By: Klimax (danklima.delete@this.gmail.com), July 18, 2013 11:30 am
Room: Moderated Discussions
Wilco (Wilco.Dijkstra.delete@this.ntlworld.com) on July 18, 2013 4:07 am wrote:
> anon (anon.delete@this.anon.com) on July 18, 2013 2:10 am wrote:
> > Klimax (danklima.delete@this.gmail.com) on July 18, 2013 1:41 am wrote:
> > > none (none.delete@this.none.com) on July 17, 2013 11:35 pm wrote:
> > > > Klimax (danklima.delete@this.gmail.com) on July 17, 2013 11:29 pm wrote:
> > > > > Wilco (Wilco.Dijkstra.delete@this.ntlworld.com) on July 17, 2013 3:33 pm wrote:
> > > > > > bakaneko (nyan.delete@this.hyan.wan) on July 16, 2013 5:50 am wrote:
> > > > > > > Wilco (Wilco.Dijkstra.delete@this.ntlworld.com) on July 16, 2013 3:47 am wrote:
> > > > > > > > bakaneko (nyan.delete@this.hyan.wan) on July 16, 2013 2:42 am wrote:
> > > > > > > > > Linus Torvalds (torvalds.delete@this.linux-foundation.org) on July 15, 2013 8:45 pm wrote:
> > > > > > > > > > bakaneko (nyan.delete@this.hyan.wan) on July 15, 2013 7:47 pm wrote:
> > > > > > > > > > >
> > > > > > > > > > > As someone who works for ARM as compiler writer,
> > > > > > > > > > > why don't you tell us in more detail how Intel
> > > > > > > > > > > cheated?
> > > > > > > > > >
> > > > > > > > > > Exophase's post to anandtech was quoted here earlier, I think. It has the relevant details:
> > > > > > > > > >
> > > > > > > > > > http://forums.anandtech.com/showthread.php?t=2330027
> > > > > > > > > >
> > > > > > > > > > and quite frankly, while optimizing multiple bit operations into a word is a very
> > > > > > > > > > valid optimization, the code icc generates there seems a fair bit past that.
> > > > > > > > > >
> > > > > > > > > > Sure, it could in theory happen with a really smart compiler and lots of generic optimizations.

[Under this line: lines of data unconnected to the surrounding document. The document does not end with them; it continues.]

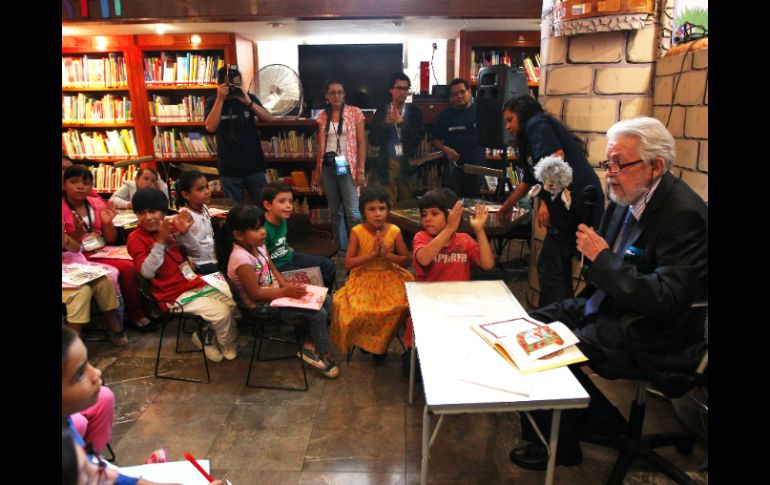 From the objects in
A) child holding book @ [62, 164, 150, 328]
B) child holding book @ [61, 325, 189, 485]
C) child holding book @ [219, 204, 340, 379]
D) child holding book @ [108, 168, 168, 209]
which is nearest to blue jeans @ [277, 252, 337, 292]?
child holding book @ [219, 204, 340, 379]

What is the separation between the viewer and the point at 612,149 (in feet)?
5.87

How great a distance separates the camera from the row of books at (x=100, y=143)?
534 centimetres

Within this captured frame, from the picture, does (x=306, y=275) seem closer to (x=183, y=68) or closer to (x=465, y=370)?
(x=465, y=370)

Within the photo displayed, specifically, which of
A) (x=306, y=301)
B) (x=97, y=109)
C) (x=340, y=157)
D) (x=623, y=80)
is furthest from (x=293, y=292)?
(x=97, y=109)

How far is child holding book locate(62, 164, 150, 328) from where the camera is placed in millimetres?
3062

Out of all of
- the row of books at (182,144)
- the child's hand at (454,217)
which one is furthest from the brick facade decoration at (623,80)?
the row of books at (182,144)

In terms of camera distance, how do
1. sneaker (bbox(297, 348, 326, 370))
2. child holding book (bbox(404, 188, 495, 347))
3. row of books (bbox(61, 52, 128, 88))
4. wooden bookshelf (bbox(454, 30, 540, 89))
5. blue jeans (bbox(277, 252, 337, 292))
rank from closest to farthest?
child holding book (bbox(404, 188, 495, 347)) → sneaker (bbox(297, 348, 326, 370)) → blue jeans (bbox(277, 252, 337, 292)) → wooden bookshelf (bbox(454, 30, 540, 89)) → row of books (bbox(61, 52, 128, 88))

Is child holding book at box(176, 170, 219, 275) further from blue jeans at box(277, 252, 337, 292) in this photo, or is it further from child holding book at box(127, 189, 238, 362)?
blue jeans at box(277, 252, 337, 292)

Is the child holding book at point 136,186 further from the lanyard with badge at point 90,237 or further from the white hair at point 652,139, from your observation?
the white hair at point 652,139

> > > > > > > > > > In practice? It really smells like the compiler actively targeting a very particular code-sequence.
> > > > > > > > > > IOW, compiler cheating. The timing that Exophase points out makes it look worse.
> > > > > > > > > >
> > > > > > > > > > And Wilco is right that it smells pretty bad when AnTuTu seems to be so close to
> > > > > > > > > > intel, and seem to have bent over backwards using recent versions of icc etc.
> > > > > > > > > >
> > > > > > > > > > It's all "explainable". But it doesn't pass the smell test.
> > > > > > > > >
> > > > > > > > > It's also all besides the point. I would expect a better
> > > > > > > > > explanation from someone who claims to know their shit about
> > > > > > > > > compilers than a logical fallacy ("Intel improved their
> > > > > > > > > compiler recently", "Intel is cheating because it hits one
> > > > > > > > > function in a certain benchmark"). Instead he nags like his
> > > > > > > > > marriage has gone bad.
> > > > > > > >
> > > > > > > > If you had actually read the whole thread including the links to various articles I posted
> > > > > > > > then you would have found the detailed explanation that makes it obvious that Intel has been
> > > > > > > > cheating AnTuTu. Why should I explain all the details again in every post I make?
> > > > > > >
> > > > > > > I read the whole thread, but for some reason don't remember
> > > > > > > anything noteworthy.
> > > > > > >
> > > > > > > > > And no, the ICC results aren't that far fetched. Intel
> > > > > > > > > actually recommends -O3 -xSSSE3_ATOM* with the NDK. Which
> > > > > > > > > could also explain why Exophase saw optimizations which
> > > > > > > > > would be counterproductive for bigger programs. (If the
> > > > > > > > > flags have similar meaning to gcc, where inlining and loop
> > > > > > > > > unrolling have similar problems.)
> > > > > > > >
> > > > > > > > Given the ICC results already dropped 20% after minor changes in AnTuTu it seems this
> > > > > > > > optimization is no longer effective. And that proves it was very specific to the actual
> > > > > > > > source code rather than a generic optimization that any compiler does.
> > > > > > >
> > > > > > > How is setting/clearing a range of bits not a useful
> > > > > > > optimization?
> > > > > >
> > > > > > Nobody sets multiple adjacent bits in memory one at a time. Even if one did so it would
> > > > > > typically be a few bits, certainly not hundreds or thousands. Having seen and written
> > > > > > various implementations of bit-sets I know how the typical ones look like.
> > > > > >
> > > > > > > And how does this - just because this is not an optimization
> > > > > > > any compiler does (Or at least gcc with -Os) - suddenly make
> > > > > > > this an benchmark busting trick? Oh, yes because the time
> > > > > > > frame fits.
> > > > > >
> > > > > > Nobody writes code like this, so no compiler implements this optimization. So yes, ICC gaining
> > > > > > this optimization just before AnTuTu switched to ICC is proof that the optimization was added
> > > > > > to break AnTuTu. If ICC had implemented this particular optimization for many years then it
> > > > > > would be a different matter of course (although that still doesn't explain exactly why AnTuTu
> > > > > > switched to a non-standard compiler with options tuned for AnTuTu just for x86).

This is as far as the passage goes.